The problem → Retype nothing except the lines below from the one with "Clean Nutraceuticals envase" through the one with "Palhinha Direita Embalada", exactly, with images left out.

[Opening Records provided section]

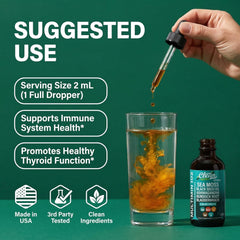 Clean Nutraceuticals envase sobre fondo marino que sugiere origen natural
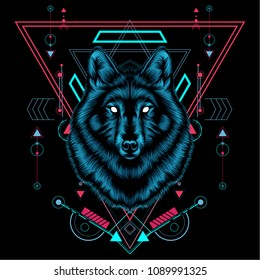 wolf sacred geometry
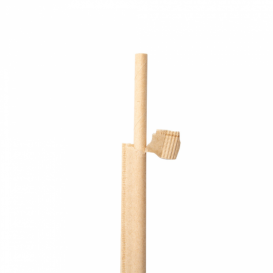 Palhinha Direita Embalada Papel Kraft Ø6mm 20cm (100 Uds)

[Closing Records provided section]
[Opening Records provided section]

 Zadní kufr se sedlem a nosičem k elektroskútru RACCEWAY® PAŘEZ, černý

[Closing Records provided section]

Reply to the task →
 Clean Nutraceuticals envase sobre fondo marino que sugiere origen natural
 wolf sacred geometry
 Palhinha Direita Embalada Papel Kraft Ø6mm 20cm (100 Uds)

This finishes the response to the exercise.